Robert Belanger (28 Sep 2010)
"Moral Responsibility During Our Final Days Here"

Dear Doves,
 
To get into heaven it is helpful if we pray and help other achieve that goal. Unselfish works done after salvation of our spirit will be counted towards rewards at the Judgment Seat of Christ. Our attitude toward our moral responsibility as saved souls filled with the Holy Spirit make us pause to consider the fate of many who do not know Jesus and are headed for eternal punishment.
 
A book I read tells the story of a person, John Harper that exemplifies the importance of this advice for the lives of many that he served in his church and elsewhere, too. This book is about the sinking of the Titanic and is entitled The Titanic’s Last Hero by Moody Adams (Olive Press S. Carolina, 1997. originally published in Scotland 1912).

 

John was a Christian pastor and the heroism he displayed at the sinking of the Titanic was not just one shining moment.
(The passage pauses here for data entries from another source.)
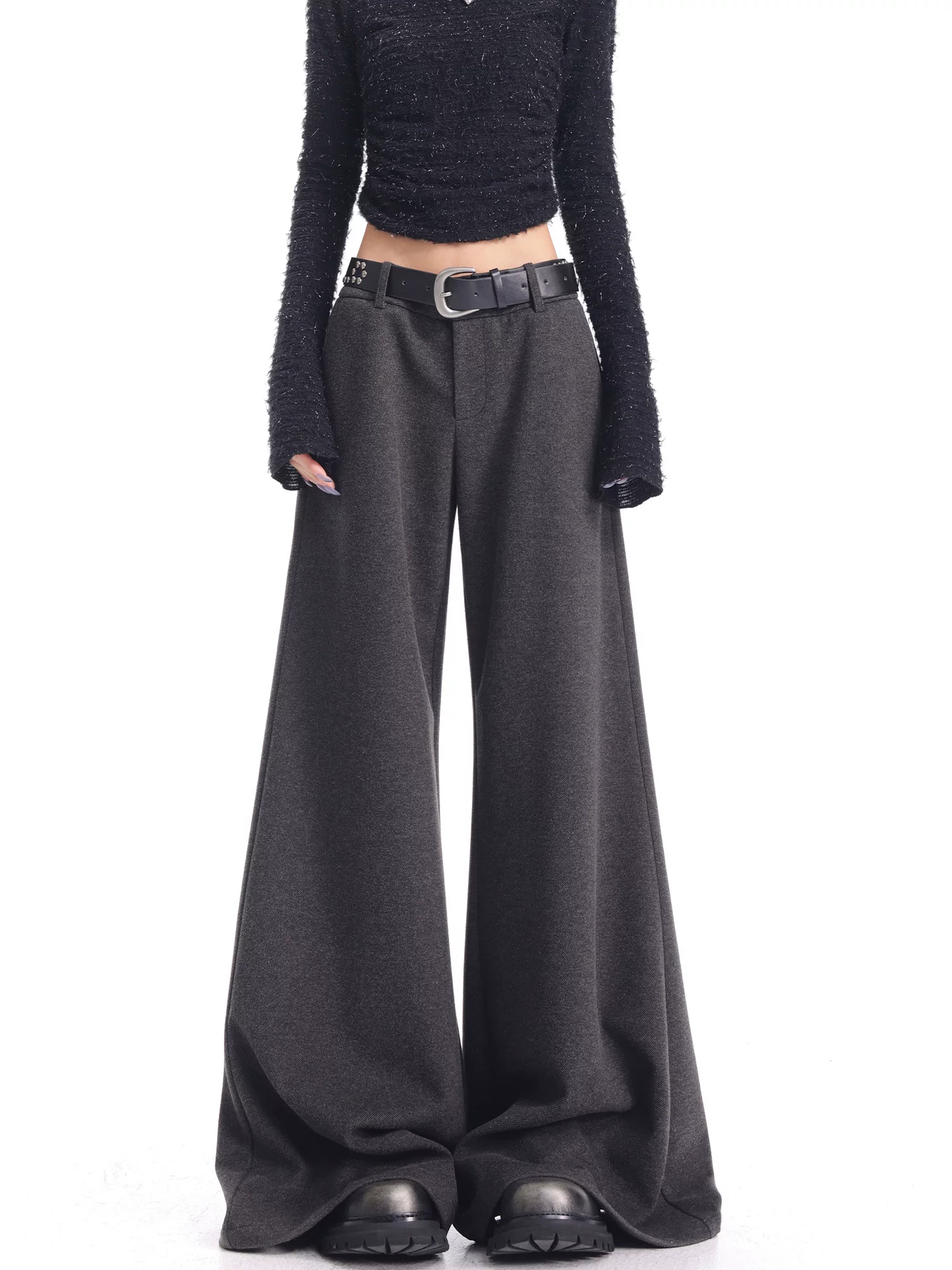 KEN STUDIO Quần âu ống loe màu xám thu đông mới dành cho nữ, chất liệu len dày, quần ống rộng, quần dài đến sàn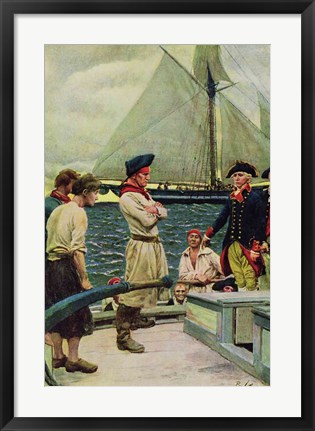 Framed American Privateer Taking a British Prize Print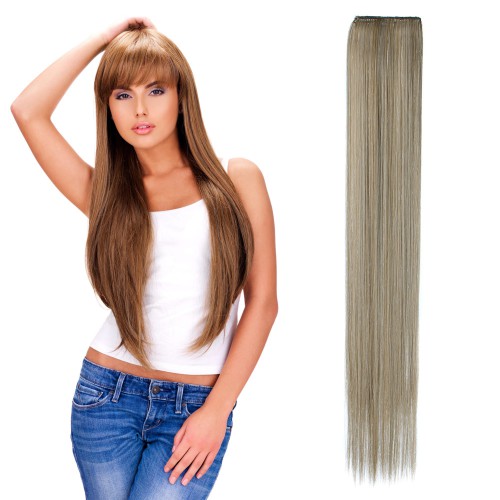 Predlžovanie vlasov, účesy - Rovný clip in pásik vlasov v dĺžke 60 cm - odtieň M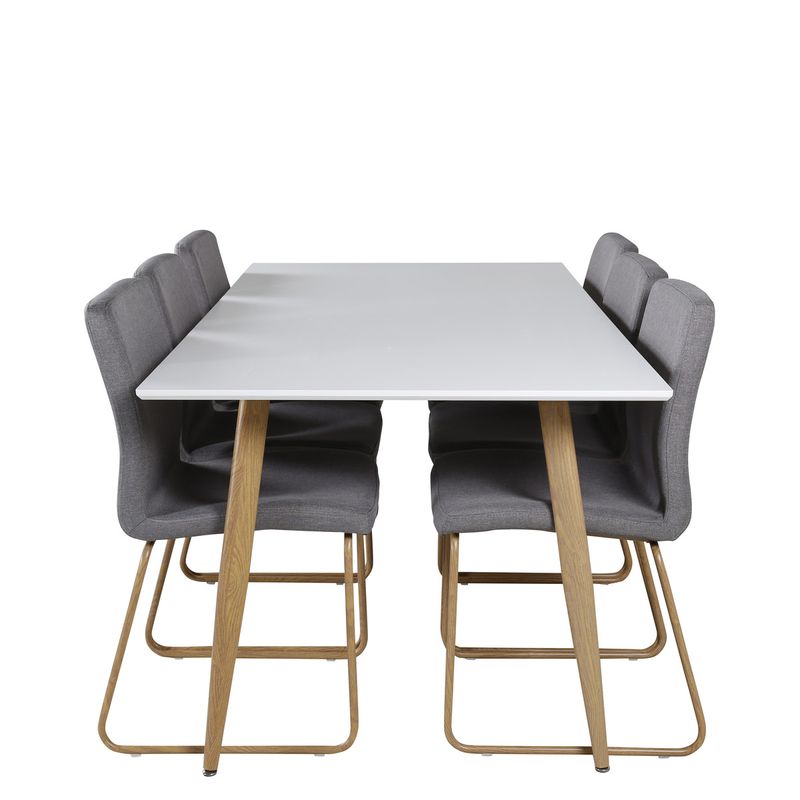Venture Home Mace & Polar 6 st Matstolar Grå + Rektangulärt Matbord 180 x 90 Vit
He worked and prayed unselfishly for others throughout his life, he helped drunkards, gamblers and prize fighters sometimes spending the whole night in his church praying for hundreds of his church members by name. He burned with zeal to bring souls to Christ and demonstrated that zeal in his actions.

 

He decided to travel on the Titanic to lead a revival meeting in Chicago’s Moody Memorial Church. He could have traveled on another ship but declined, after originally being scheduled to travel on the Lusitania. A Mr. Robert English in a meeting at the Seaman’s Center begged him not to make the trip, and even offered to pay for his ticket, since he had an ominous feeling that disaster awaited him on the Titanic.

 

Just like St. Paul’s warning in Acts 21:10-13, Harper responded with a sense of duty and moral responsibility to honor God’s purpose for his life. He, like Paul, was willing to sacrifice his life to fulfill God’s purpose in the service to others who would otherwise miss out on heaven, if he were to act selfishly by delaying his trip or boarding the Lusitania based on the warning of Mr. English.

 

To the eternal benefit of many, he boarded the Titanic and set sail for New York. John Harper’s goal of winning souls to Jesus Christ became more urgent during that trip. As he breathed his last breaths in the cold water of the Atlantic on the night of April 14 and early morning hours of April 15, 1912, he and about 1522 other persons struggled in the water and finally drowned as the mighty Titanic sank to the bottom of the Atlantic.

 

As the ship sank, he swam from one survivor to another in the water calling out “Are you saved?” If the answer was “No” he shouted the words from Acts 16:31 “Believe on the Lord Jesus Christ and thou shalt be saved.” Many were saved that night and are in heaven as a result of his selfless efforts. We can do worse than to emulate his example in our lives during these last days of this dispensation, as the world sinks into the disaster of the Tribulation.

 

Lord Mercer expressed Harper’s attitude toward death exactly:

 

“In a single night, between sunset and sunrise, during a few short hours of oblivion to many unconscious slumbers, there had passed away from this earth hundreds of lives, some rich in promise with apparent happy futures, carrying with the hopes of others lives.

 

 But the Christian constancy and courage, the absolute self-renunciation and unflinching heroism with which so many met their doom, help us to realize that death is not the end of all things and that this life is but the entrance into true life, that it is but the portal of eternity.”